ABOUT THIS TASK >> The reply should contain the full listing exactly as written and no pictures at all.

THE RECORDS >>

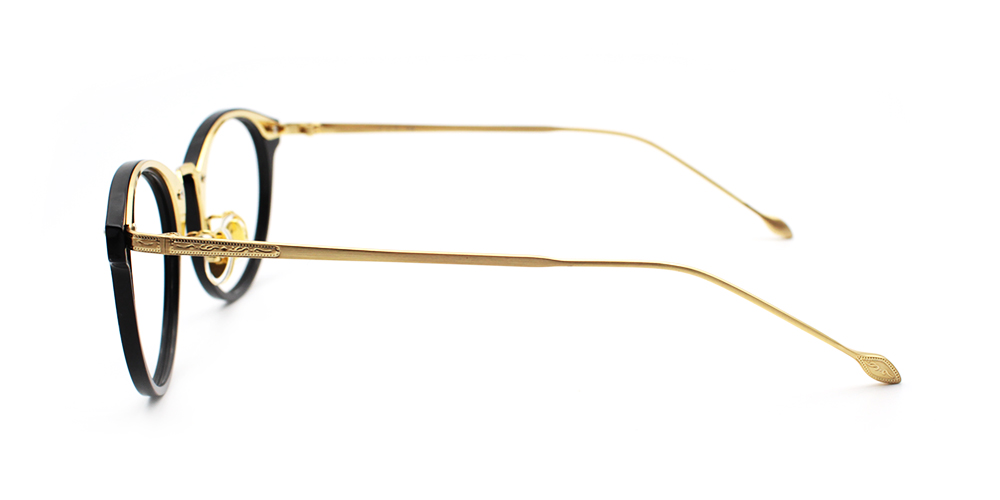 Mila Black Prescription Glasses Leg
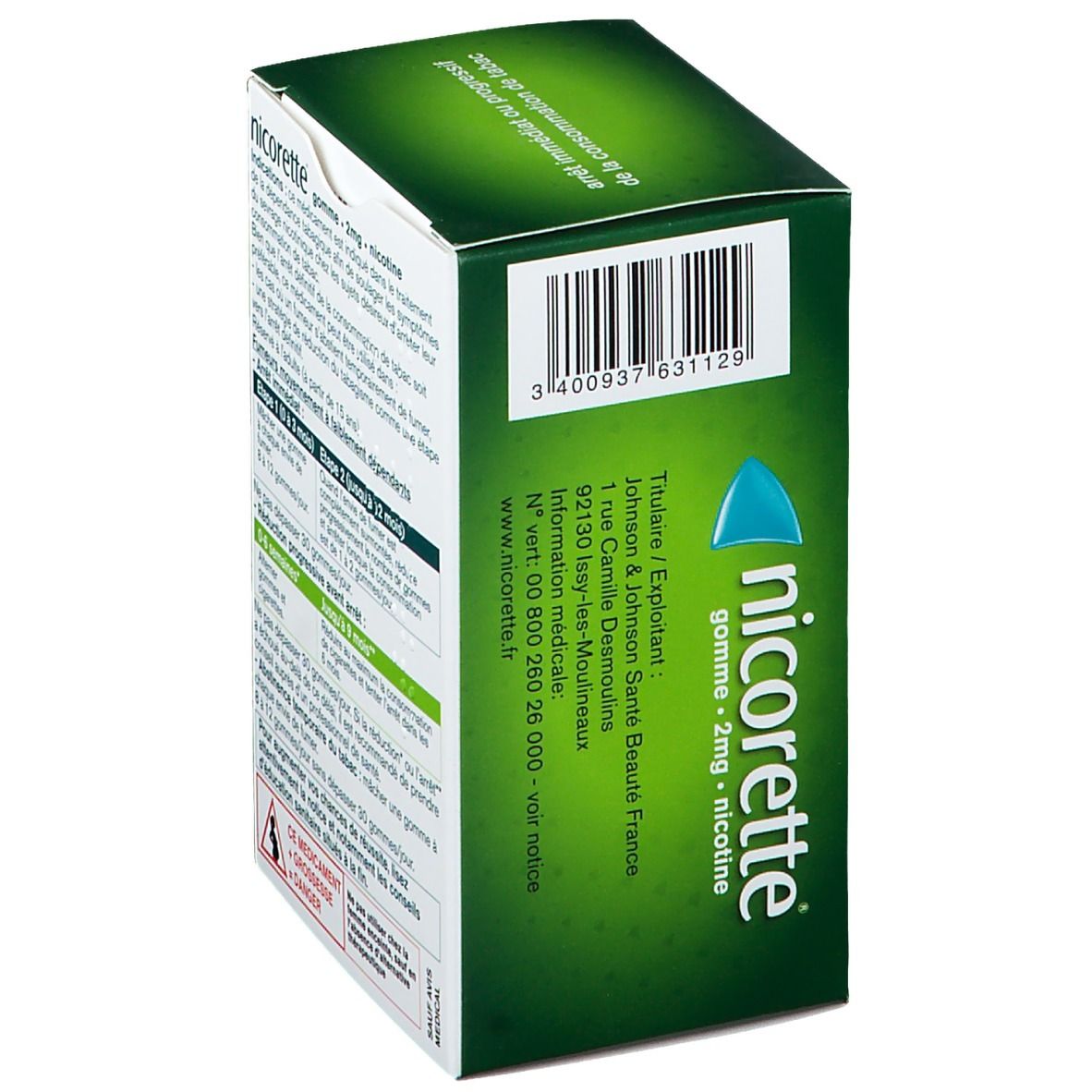 Nicorette® s/s 2 mg 105 pc(s) - Redcare Pharmacie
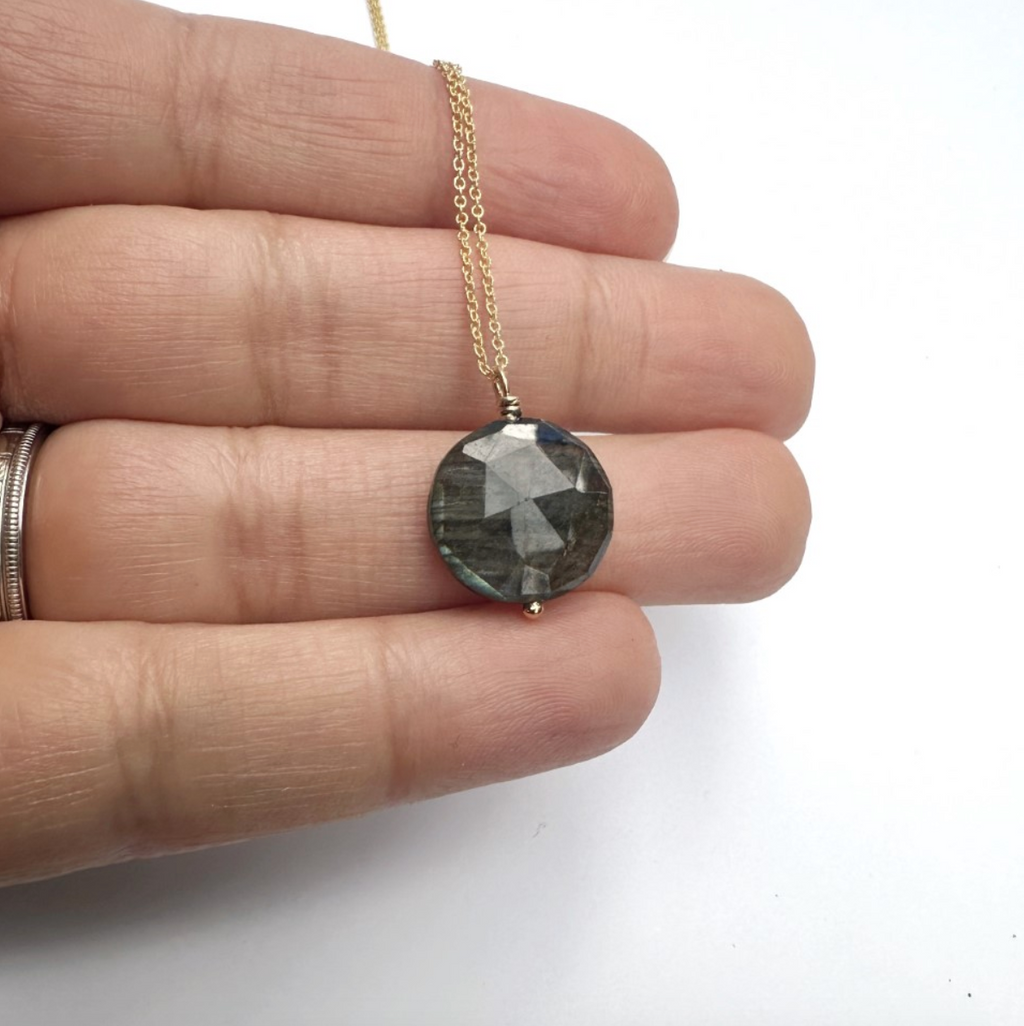 Labradorite Simple Necklace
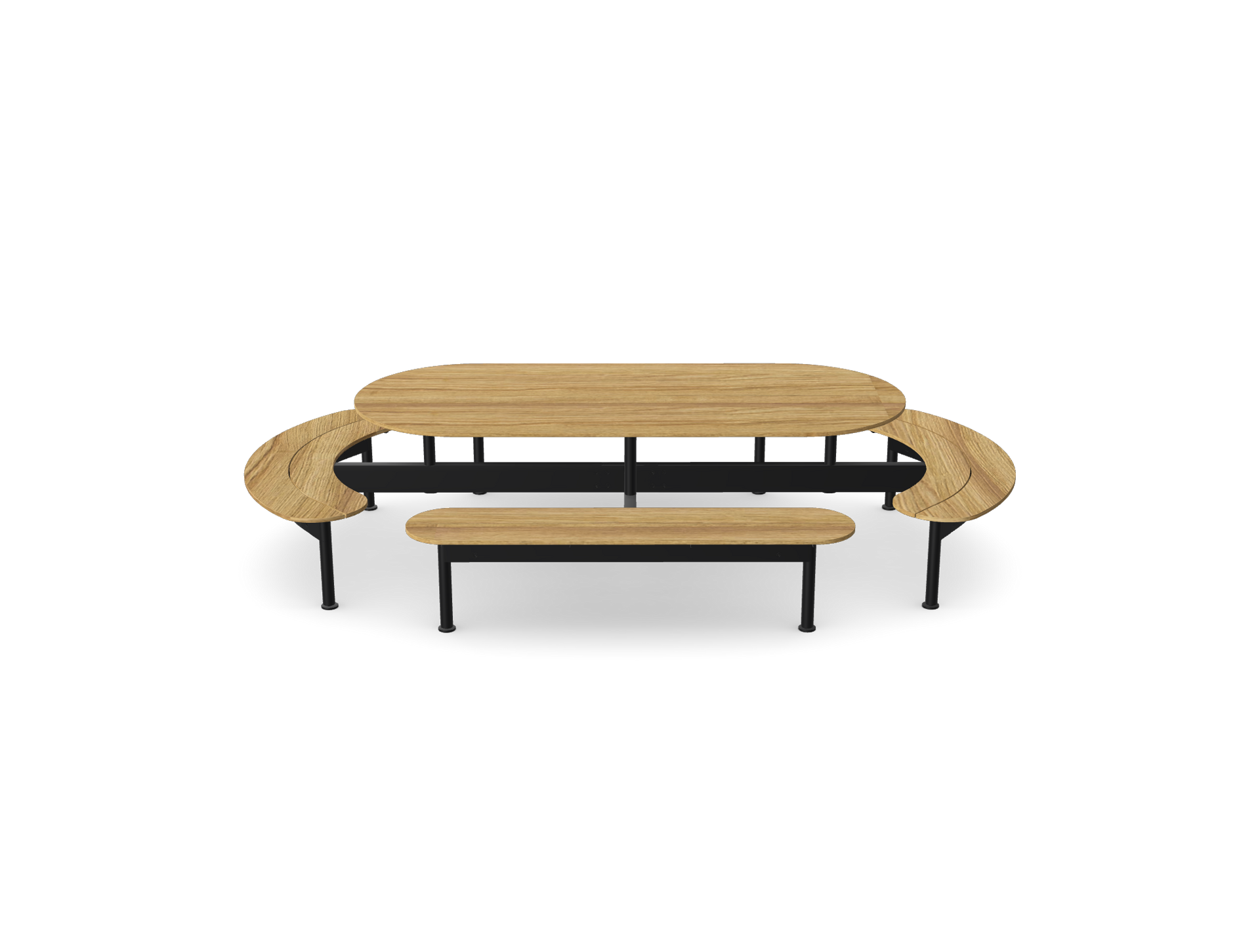 TOLO Tibo Twelve Person Large Oblong Outdoor Table.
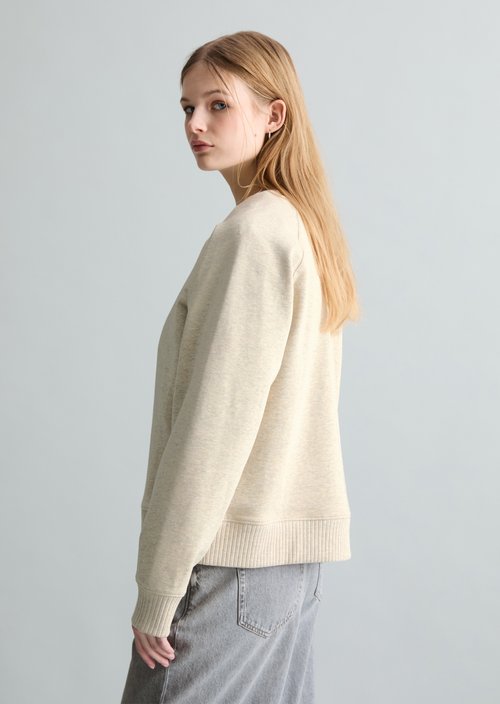 DfC Sweatshirt relaxed — Desert Melange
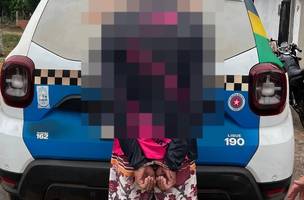 PMPI apreende arma de fogo e drogas com menor durante ação em José de Freitas (Foto: Divulgação)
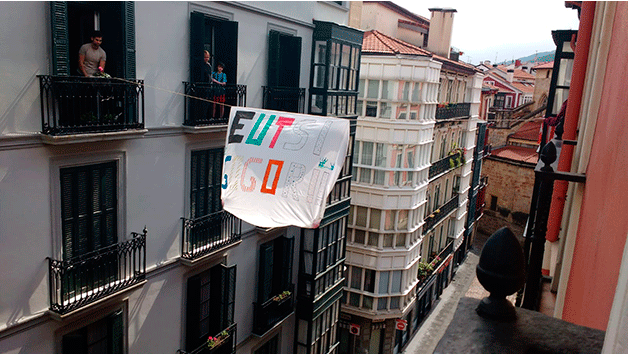 Konfinamenduak ondorio latzak utziko ditu, horri aurre egiteko Alde Zaharreko elkartasun sareak lanean jarraitzen du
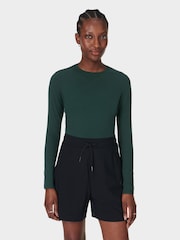 Sweaty Betty Green Essential Sculpt Long Sleeve Top - Image 3 of 7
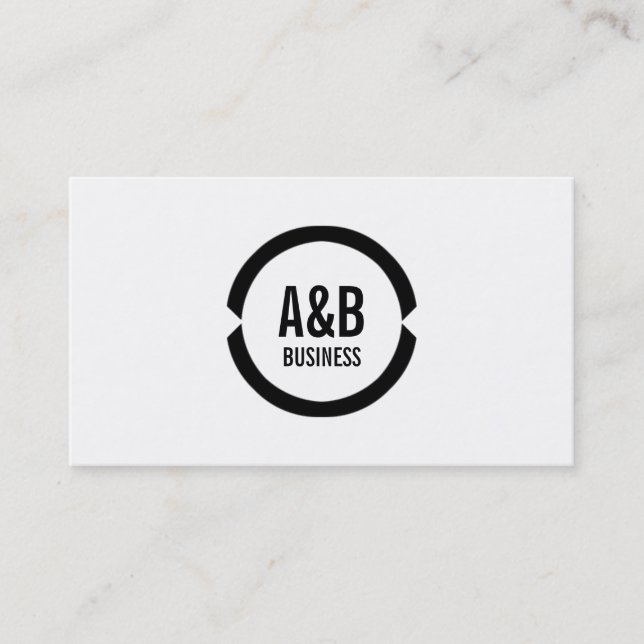 Einfache Monogram Psychologin-Visitenkarte Visitenkarte (Vorderseite)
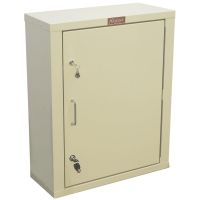 Harloff Large Narcotics Cabinet, Single Door/Double Lock, 23-1/2"W x 10-1/2"D x 29-1/2"H, Beige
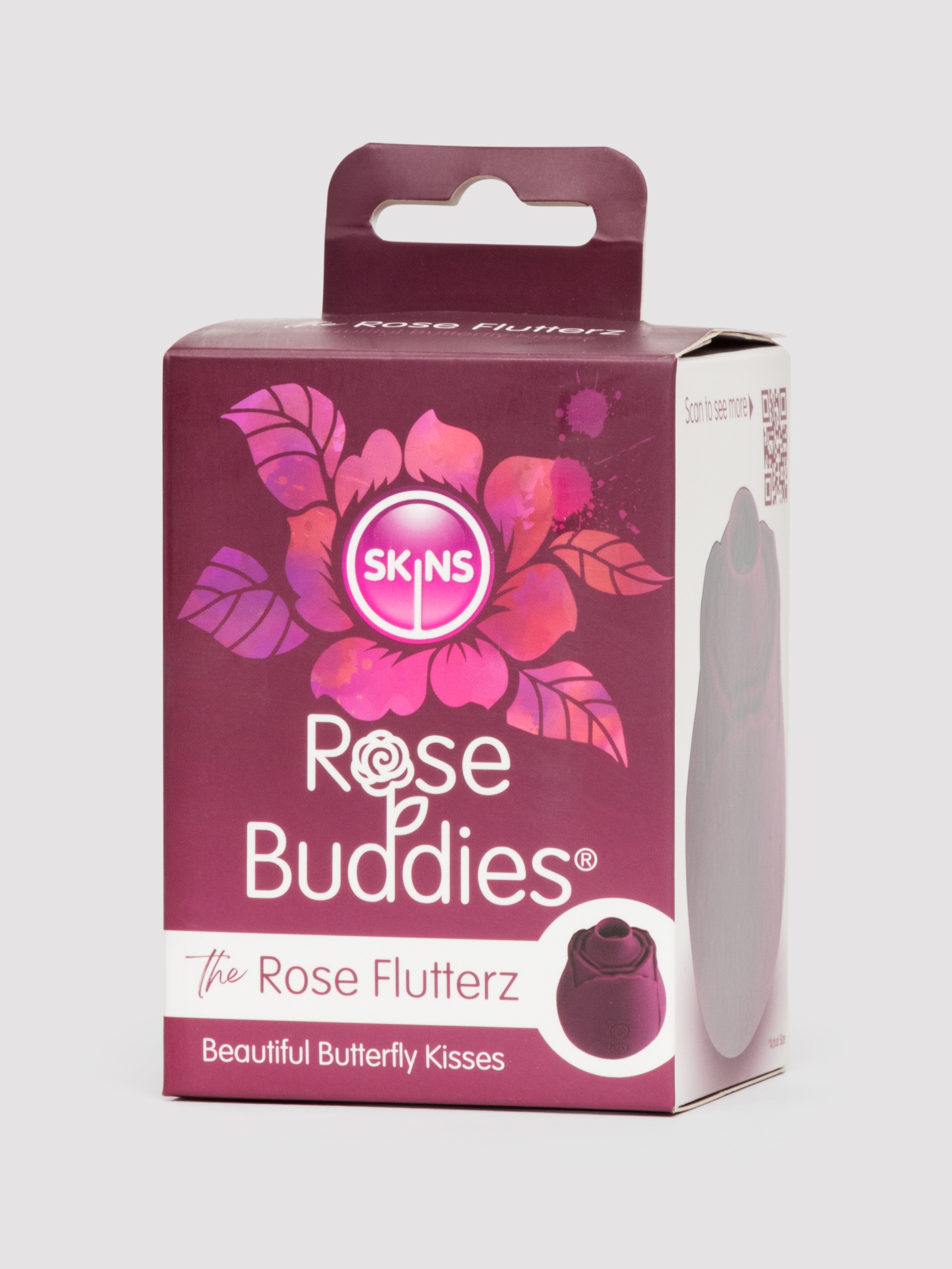 Skins Rose FLUTTERZ Licking Flickering Clitoral Vibrator, Red, hi-res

ANSWER AREA >>
 Mila Black Prescription Glasses Leg
 Nicorette® s/s 2 mg 105 pc(s) - Redcare Pharmacie
 Labradorite Simple Necklace
 TOLO Tibo Twelve Person Large Oblong Outdoor Table.
 DfC Sweatshirt relaxed — Desert Melange
 PMPI apreende arma de fogo e drogas com menor durante ação em José de Freitas (Foto: Divulgação)
 Konfinamenduak ondorio latzak utziko ditu, horri aurre egiteko Alde Zaharreko elkartasun sareak lanean jarraitzen du
 Sweaty Betty Green Essential Sculpt Long Sleeve Top - Image 3 of 7
 Einfache Monogram Psychologin-Visitenkarte Visitenkarte (Vorderseite)
 Harloff Large Narcotics Cabinet, Single Door/Double Lock, 23-1/2"W x 10-1/2"D x 29-1/2"H, Beige
 Skins Rose FLUTTERZ Licking Flickering Clitoral Vibrator, Red, hi-res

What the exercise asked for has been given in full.